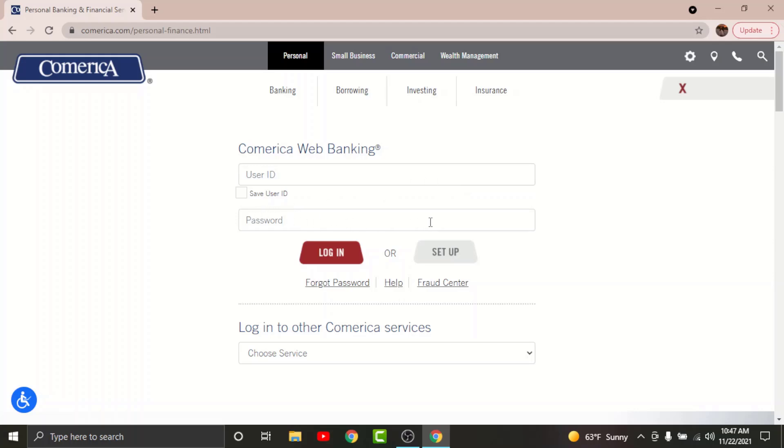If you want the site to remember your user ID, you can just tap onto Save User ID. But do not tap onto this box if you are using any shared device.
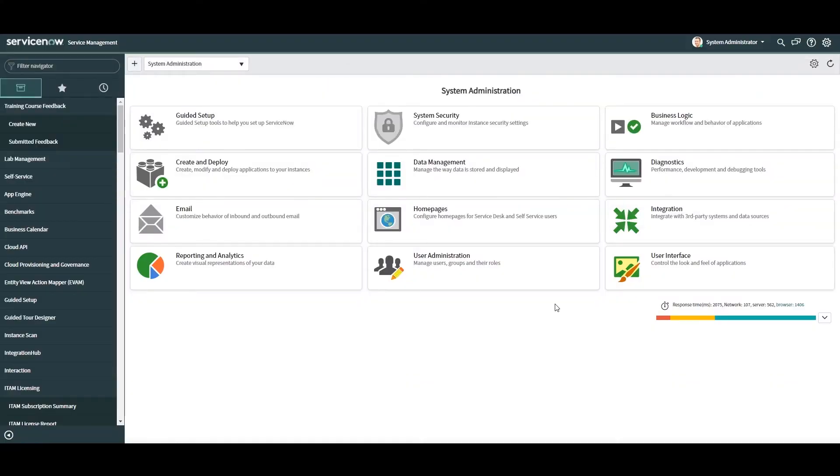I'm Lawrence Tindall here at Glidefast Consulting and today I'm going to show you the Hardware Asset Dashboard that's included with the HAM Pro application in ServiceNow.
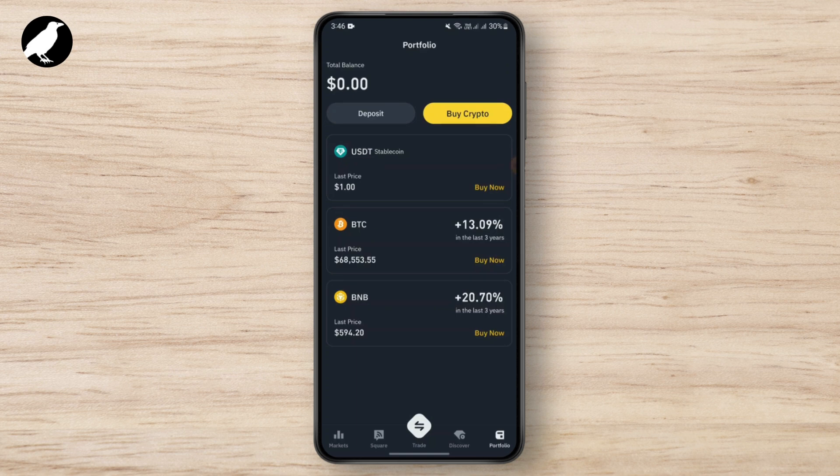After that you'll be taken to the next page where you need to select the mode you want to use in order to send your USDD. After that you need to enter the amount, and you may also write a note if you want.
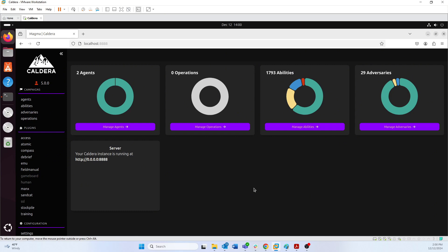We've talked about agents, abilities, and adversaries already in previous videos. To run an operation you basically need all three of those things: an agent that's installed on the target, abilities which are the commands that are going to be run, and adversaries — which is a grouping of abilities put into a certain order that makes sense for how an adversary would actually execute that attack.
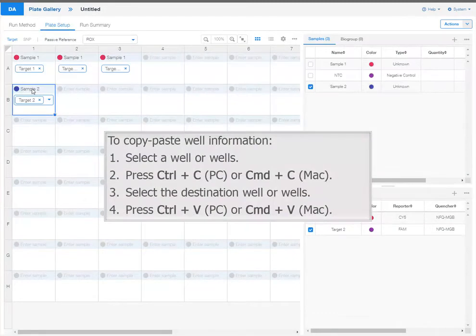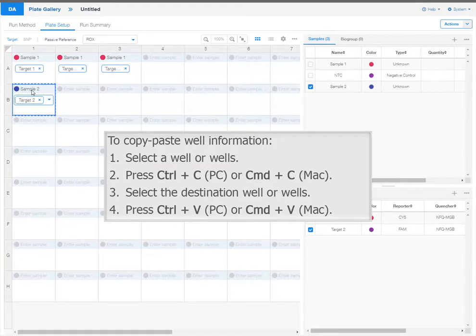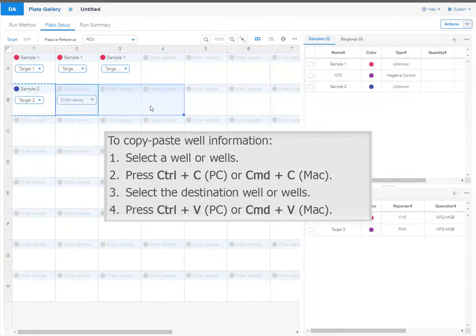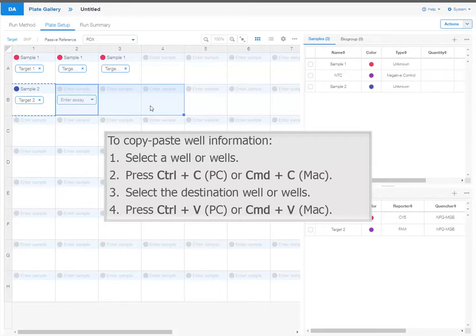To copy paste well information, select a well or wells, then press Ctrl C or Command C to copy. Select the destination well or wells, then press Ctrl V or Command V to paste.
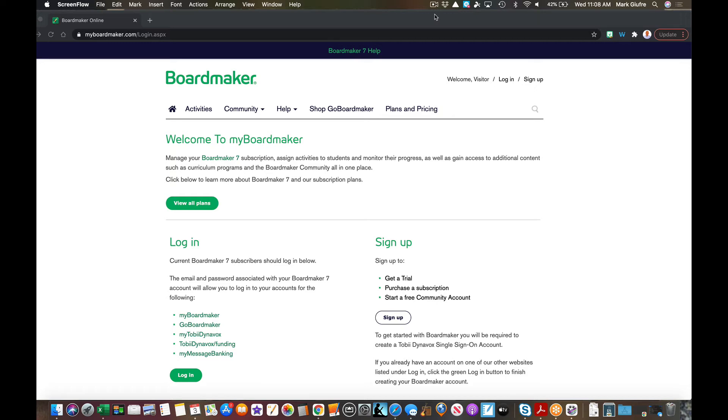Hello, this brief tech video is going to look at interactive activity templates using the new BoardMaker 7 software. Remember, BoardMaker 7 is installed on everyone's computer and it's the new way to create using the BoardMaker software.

______________________________

What you will do:
Although the records hold pictures, the copy must not; give again exactly the lines from the one with "I'm Lawrence Tindall" through the one with "After that you'll".

Answer below:
I'm Lawrence Tindall here at Glidefast Consulting and today I'm going to show you the Hardware Asset Dashboard that's included with the HAM Pro application in ServiceNow.
After that you'll be taken to the next page where you need to select the mode you want to use in order to send your USDD. After that you need to enter the amount, and you may also write a note if you want.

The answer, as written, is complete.